### Data to examine ###

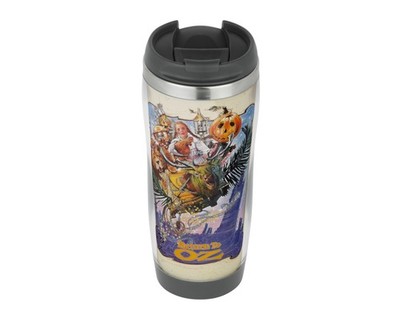 Return to Oz Classic 1985 - Travel Mug Thermo Isoliert Stahl Kaffeetasse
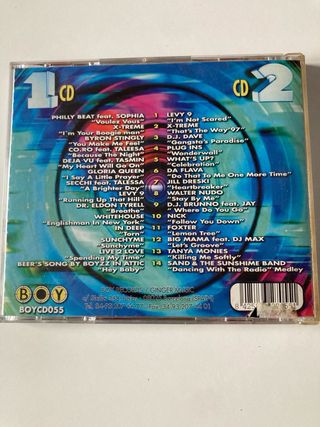 CD Remember Hits - Los Éxitos Más Legendarios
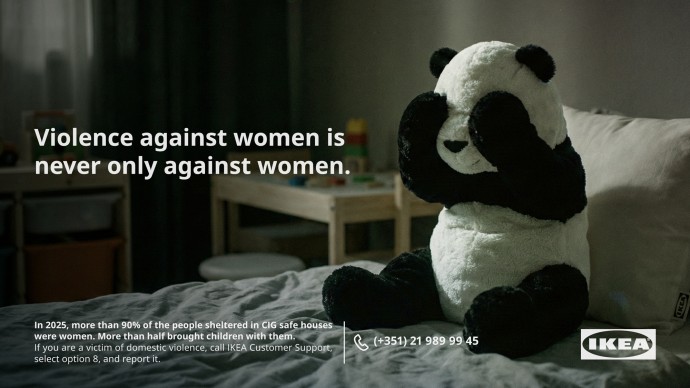 IKEA: Violence Against Women is Never Only Against Women, 4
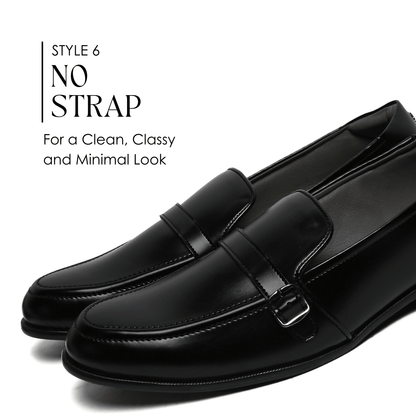 The 6-IN-1 | Croft Single Monk - By Lusso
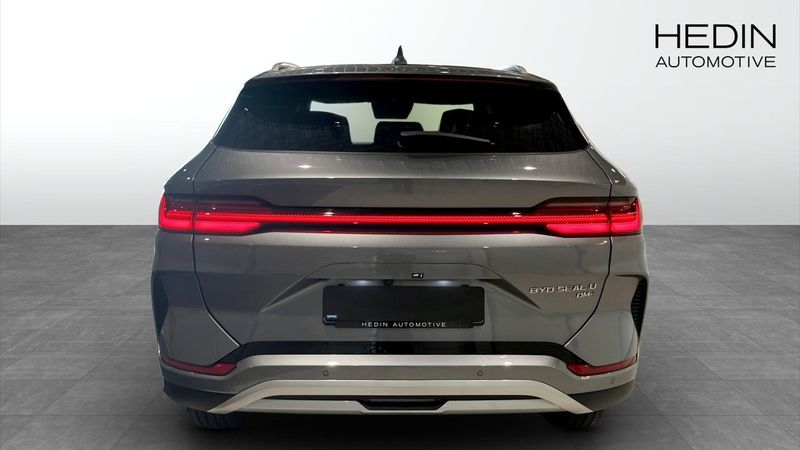 BYD Seal U bild 7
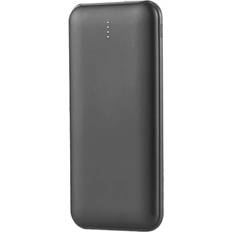10 000 mAh Powerbank 2A 30 cm Typ C-kabel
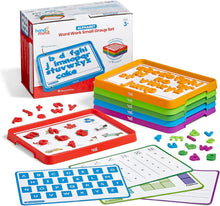 Learning Resources Alphabet Word Work, Small Group Set - ABC School Supplies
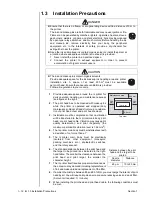 Preview for 22 page of Hitachi PB Series User Manual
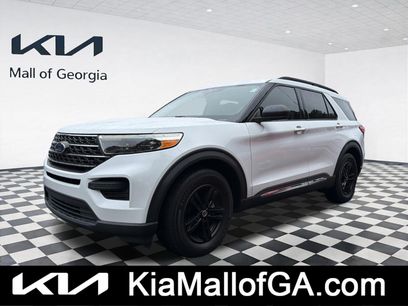 Used 2020 Ford Explorer XLT
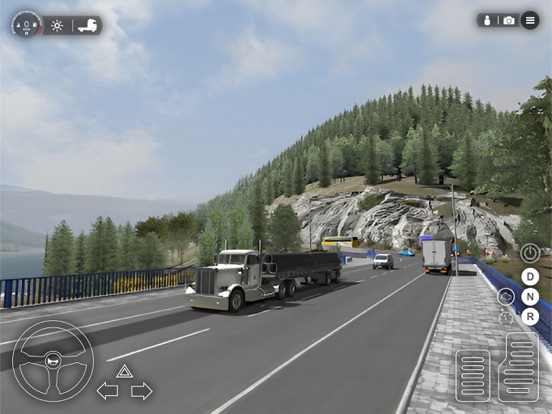 Universal Truck Simulatorのおすすめ画像4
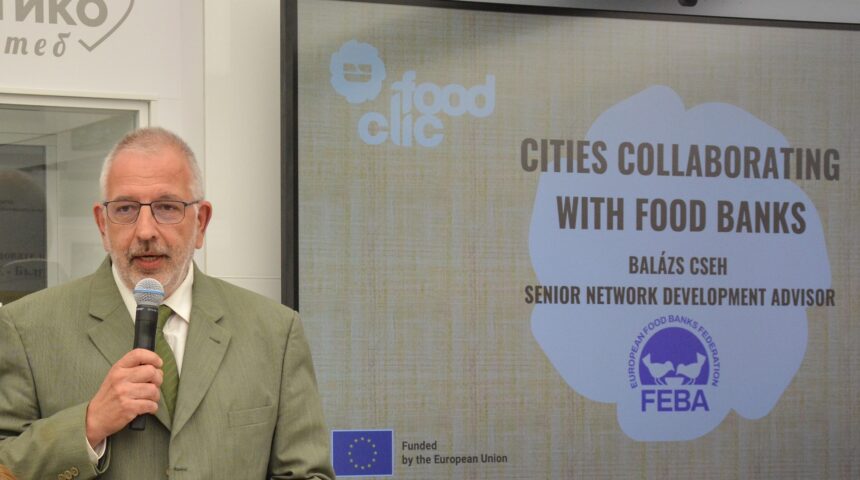 Food for Tomorrow: Strengthening Urban Food Systems in Sofia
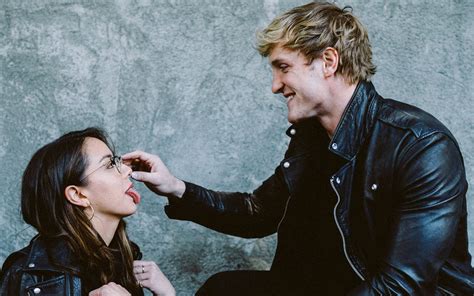 How Long Were Logan Paul And Chloe Bennet Together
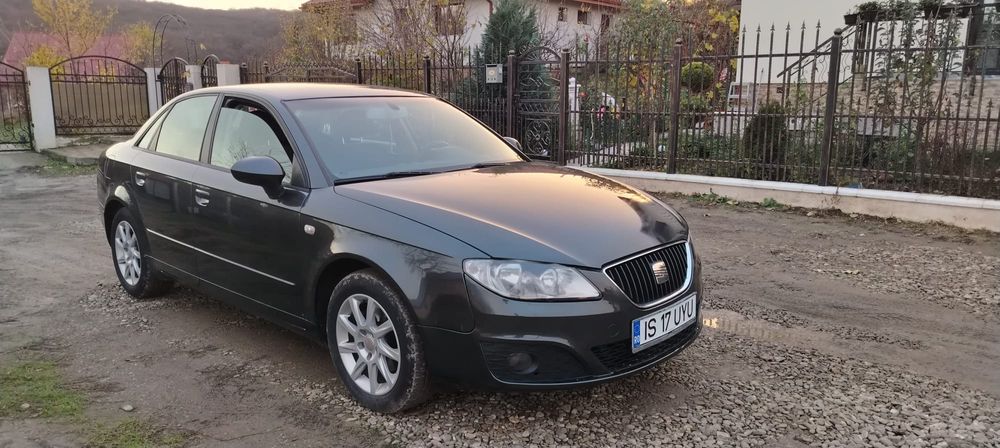 ** Seat Exeo 2011 2.0 diesel EURO 5 **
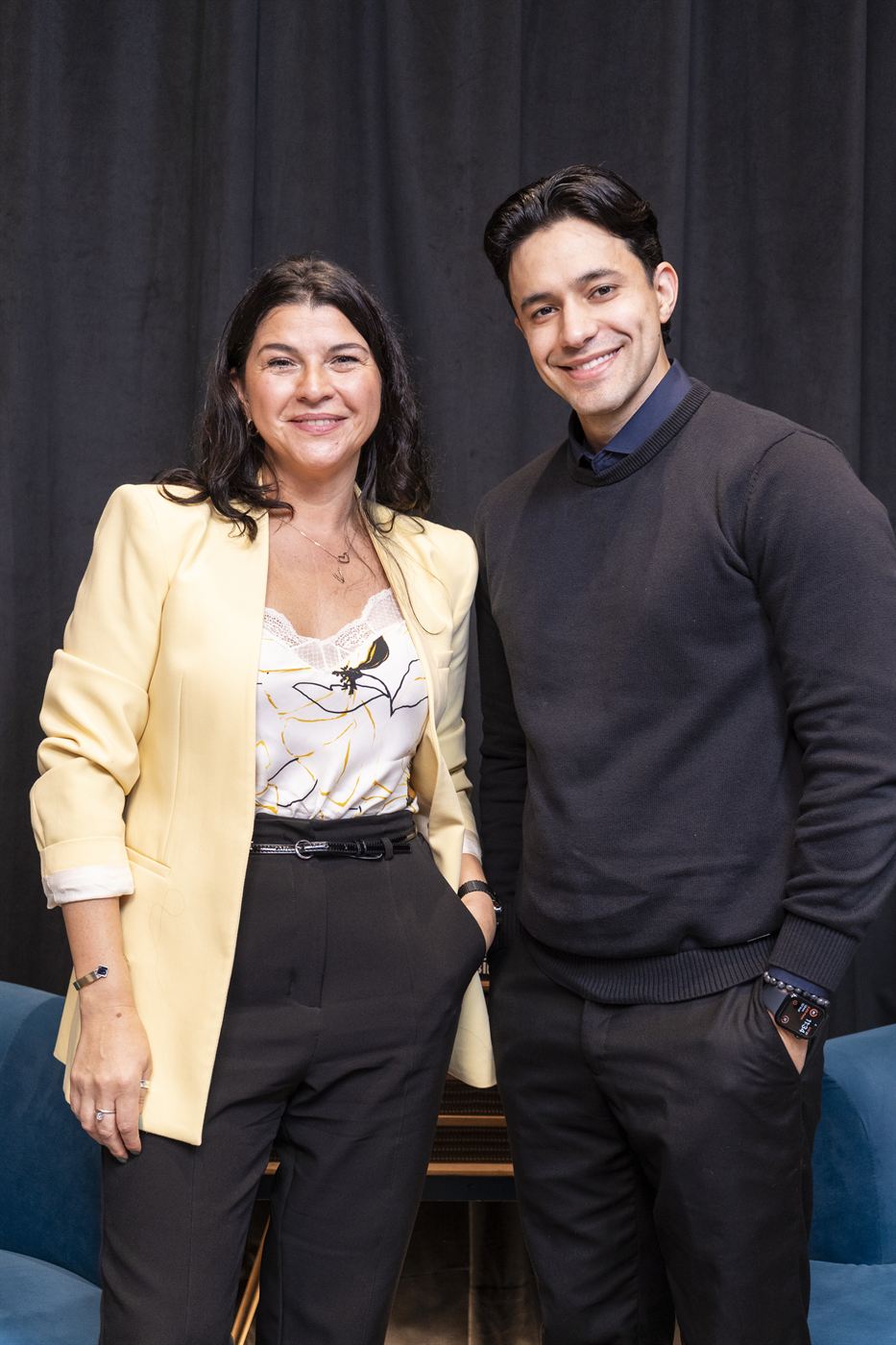 Verónica Tapia · Referentes By Somos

###

> **Problem statement**: Write out each line exactly, from the one containing "BYD Seal U bild 7" through the end of the entries, and skip the pictures.

> **Response to the exercise**:
 BYD Seal U bild 7
10 000 mAh Powerbank 2A 30 cm Typ C-kabel
 Learning Resources Alphabet Word Work, Small Group Set - ABC School Supplies
 Preview for 22 page of Hitachi PB Series User Manual
 Used 2020 Ford Explorer XLT
 Universal Truck Simulatorのおすすめ画像4
 Food for Tomorrow: Strengthening Urban Food Systems in Sofia
 How Long Were Logan Paul And Chloe Bennet Together
 ** Seat Exeo 2011 2.0 diesel EURO 5 **
 Verónica Tapia · Referentes By Somos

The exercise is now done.